C’est l’histoire d’une obsession qui vient empoisonner l’esprit et la lucidité d’un homme, un homme déjà frustré et choqué, dirions-nous traumatisé jusqu’à la paranoïa ? par la cabale que les positivistes parisiens ont menée contre lui lors de son succès dans la capitale française.
Au milieu de rien, ou en tout cas de pas grand-chose, de cette pampa où, selon Garay Lopez « […] la condition des hommes et des choses se fragilisent et tout tend, fébrile et épuisé, à l’anéantissement. »

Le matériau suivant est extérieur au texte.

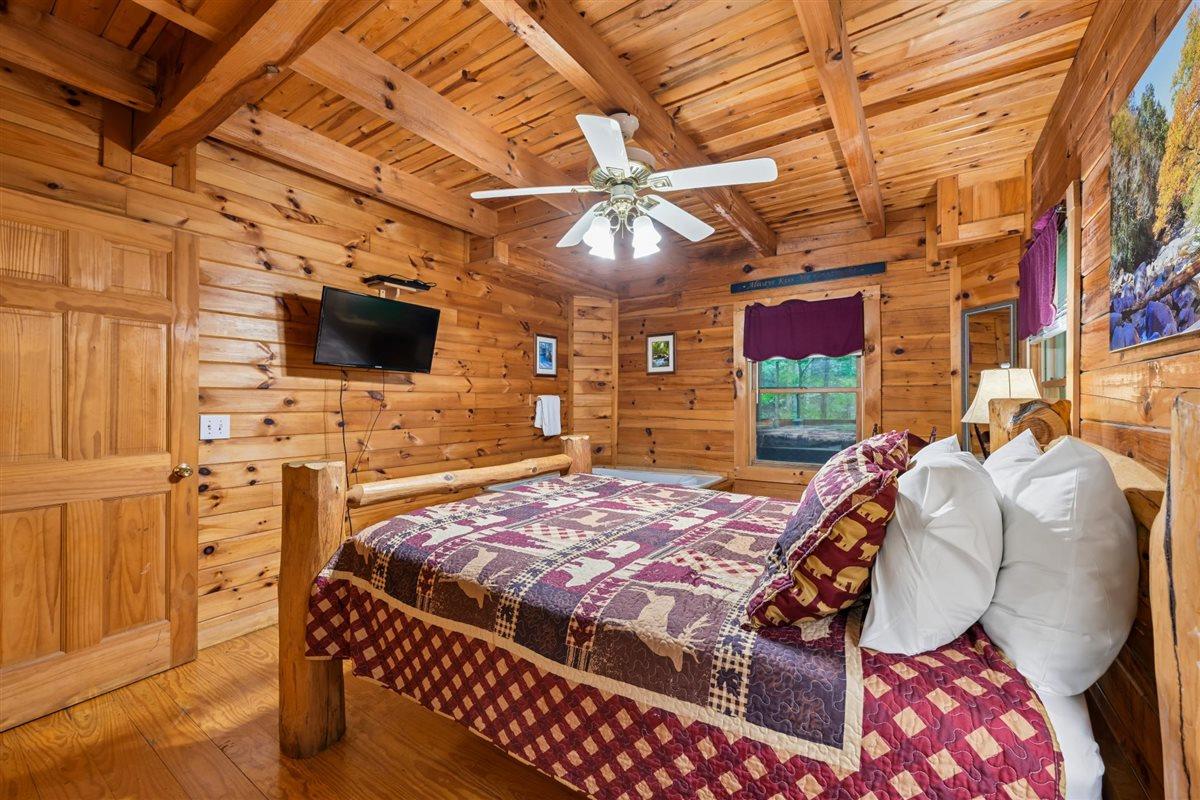 39Primary Bedroom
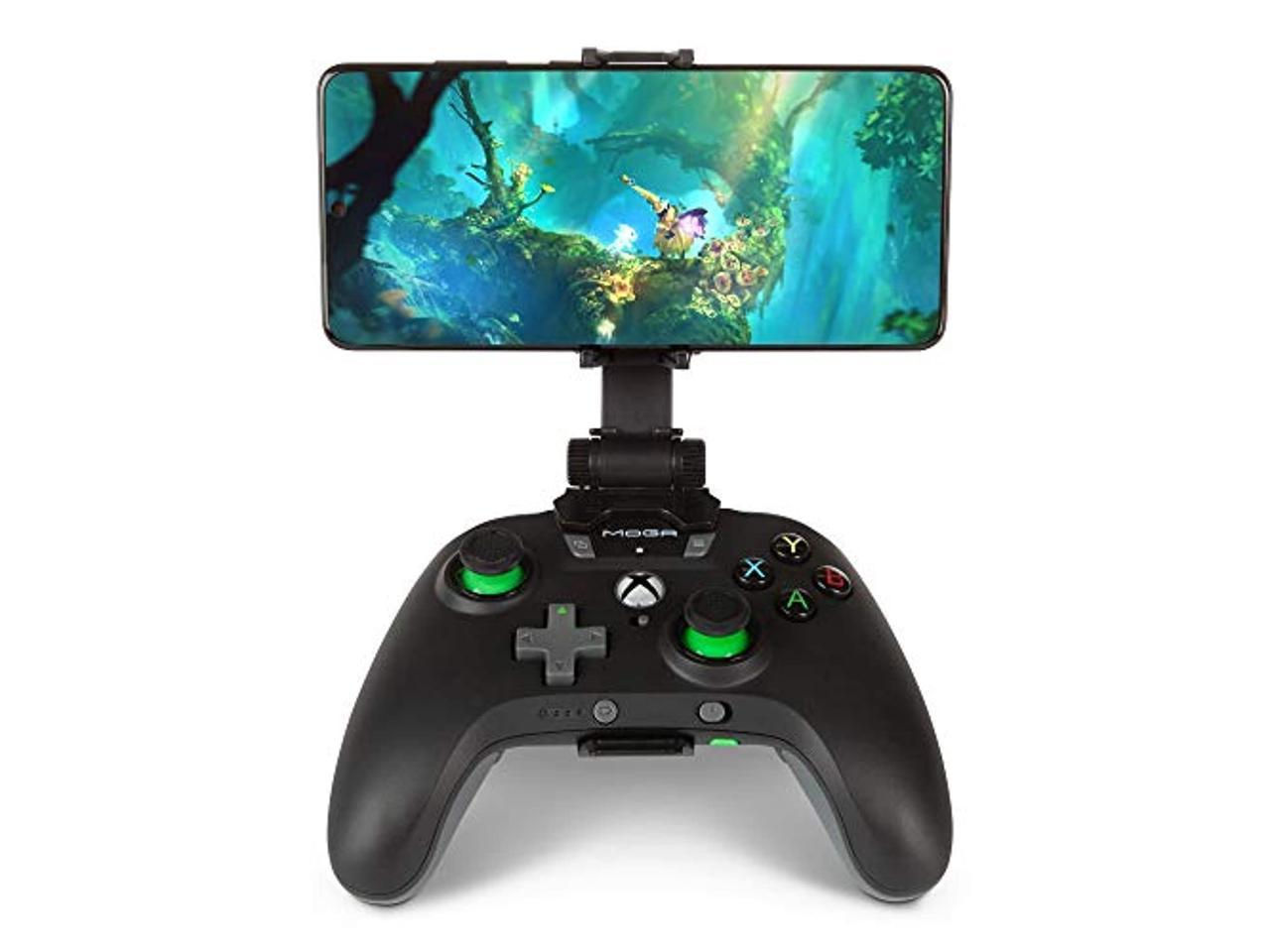 Oyun gösteren, telefon takılı siyah Xbox kontrolcüsü. Kontrolcü beyaz bir arka planda.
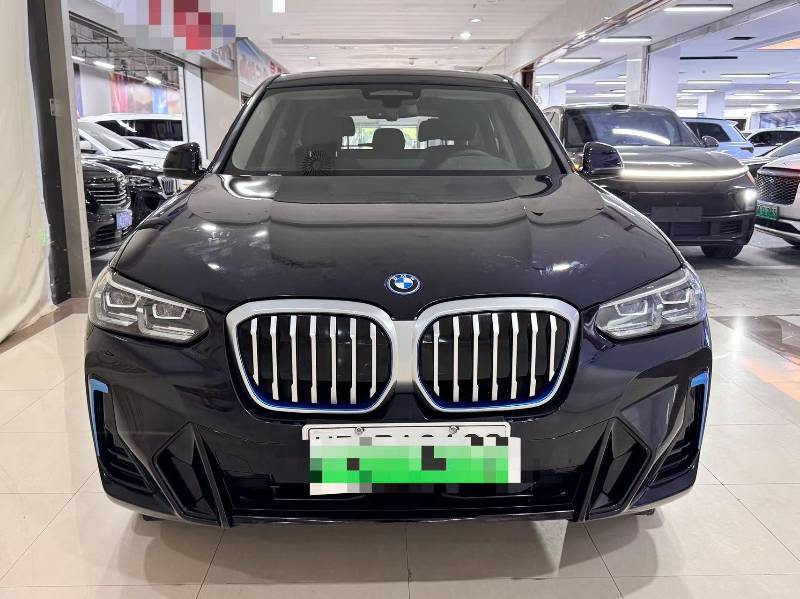 BMW iX3 2021 car image #2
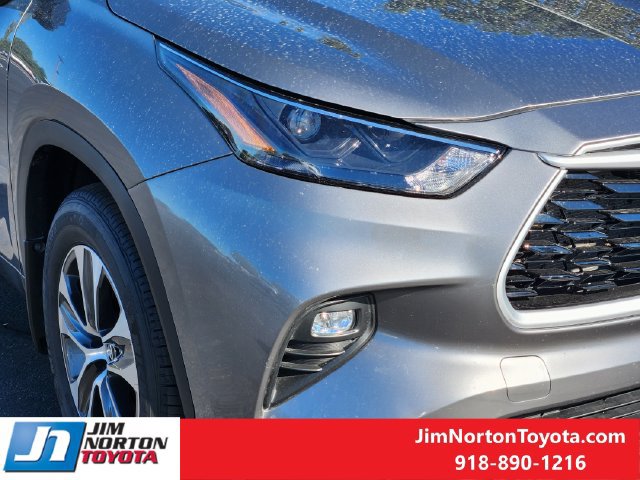 Used 2026 Toyota Highlander XLE AWD/4WD image 9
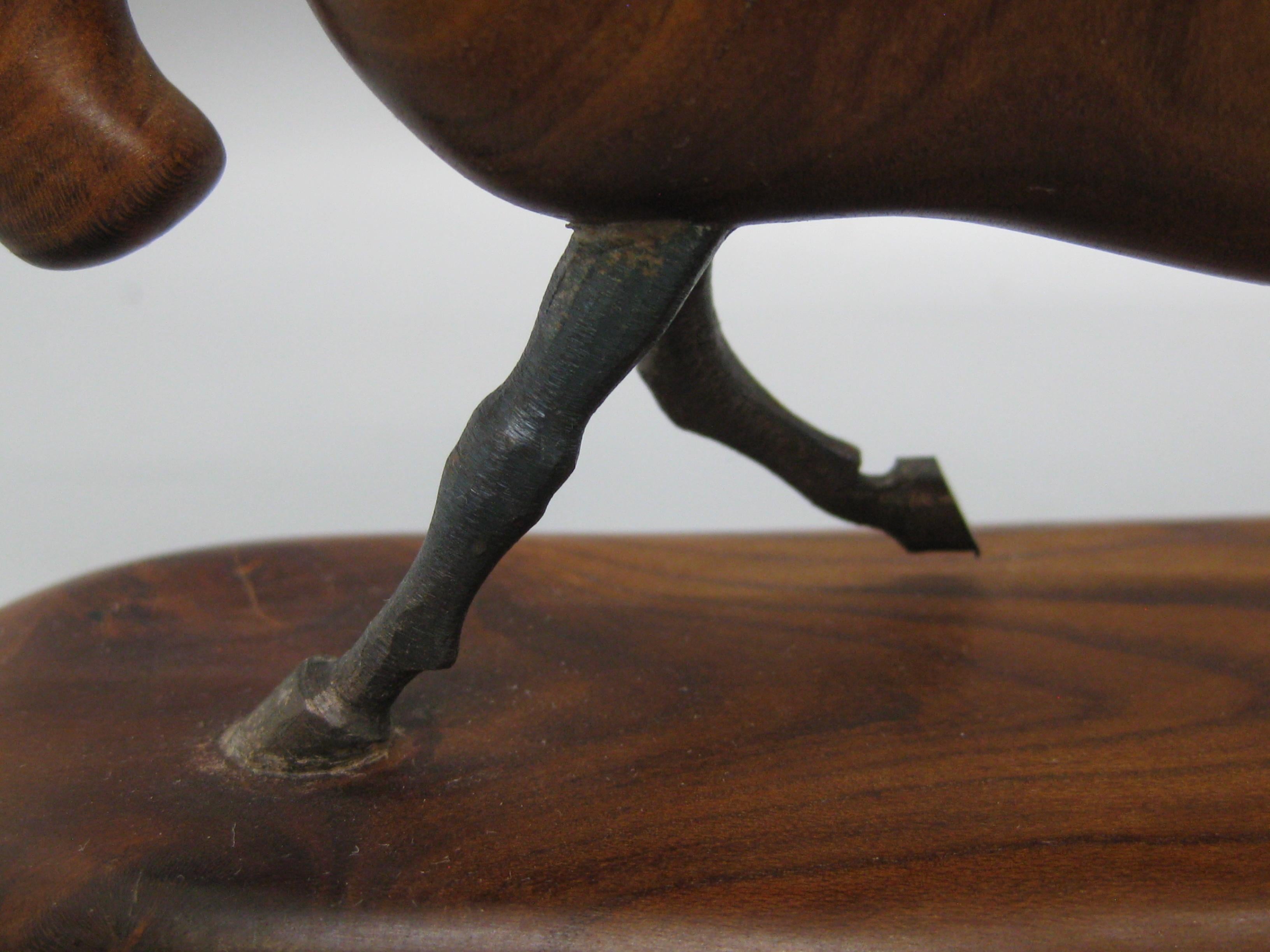 Escultura Modernista Vintage de Madera Tallada y Hierro Forjado Toro Firmada por Artista siglo XX en venta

Mais Bianco s’y retrouve dans ce vide, peut-être parce qu’il laisse la place à ses pensées de vagabonder, de prendre l’air et de s’y confondre, tirant vers l’abstraction. Il travaille sa revanche contre les positivistes, fait fructifier ses terres et entreprend, les pieds dans le sable et la tête dans l’éther. La belle Gina, sa (très) jeune épouse, est-elle le déclencheur de cette angoisse paranoïaque ? Jouant lui-même sur sa personne, Bianco a toujours laissé planer le doute sur ses origines, et ne peut parler une langue qu’avec un accent étranger. Dès lors, qui croire et à quoi se raccrocher, lorsque tout est poussière et son mirage. Il se remplit de nouvelles impressions, d’autres attentes mais se bâtit un autre visage sur les fissures des anciens, où couvent la résignation et l’humiliation. Tous deviennent complices ou suspects, et Gina encore plus, elle si présente au monde, dans l’instant, incarnation d’un concret qui glisse de plus en plus entre les doigts de Bianco.

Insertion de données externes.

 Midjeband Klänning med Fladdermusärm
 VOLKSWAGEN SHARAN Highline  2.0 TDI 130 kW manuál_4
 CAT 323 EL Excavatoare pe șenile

« Bianco le voit s’éloigner et lui aussi est d’abord masse compacte puis mirage et enfin dissolution dans la pampa. La première maison qu’il possède est cette cabane précaire et flambant neuve, délibérément pauvre et vide pour en faire surgir, et de ses alentours déserts et silencieux comme des coups feutrés et glacés, la pensée, dans sa double expression de pensée pure et pragmatique. »
Bianco repoussera la limite de sa raison, pied après pied, en décalage avec le monde et la réalité, observateur lointain porté par le flot incessant de pensées qui explorent les limites du réel comme elles cherchent celles de la pampa. Et nous, nous nous laissons portés par le flot de l’écriture de Juan José Saer, un exercice de lâcher-prise merveilleux, car peu ont le talent de l’écrivain argentin pour passer ainsi, dans des digressions et vagabondages littéraires, d’une pensée profonde à une tournure absurde et amusante tout en dessinant avec finesse un nouveau trait à ses personnages. Après L’ancêtre, Glose, L’enquête, Le fleuve sans rives et Les nuages, les éditions du Tripode poursuivent leur travail de réédition de l’œuvre de Saer, dans les traductions impressionnantes de Laure et Philippe Bataillon, sous des couvertures de Nicolás Arispe qui rendent du texte sa beauté et son étrangeté. On les en remercie mille fois.
Marcelline PERRARD
L’occasion, de Juan José Saer, traduit de l’espagnol (Argentine) par Laure Bataillon, Editions du Tripode, 272 pages, 2024.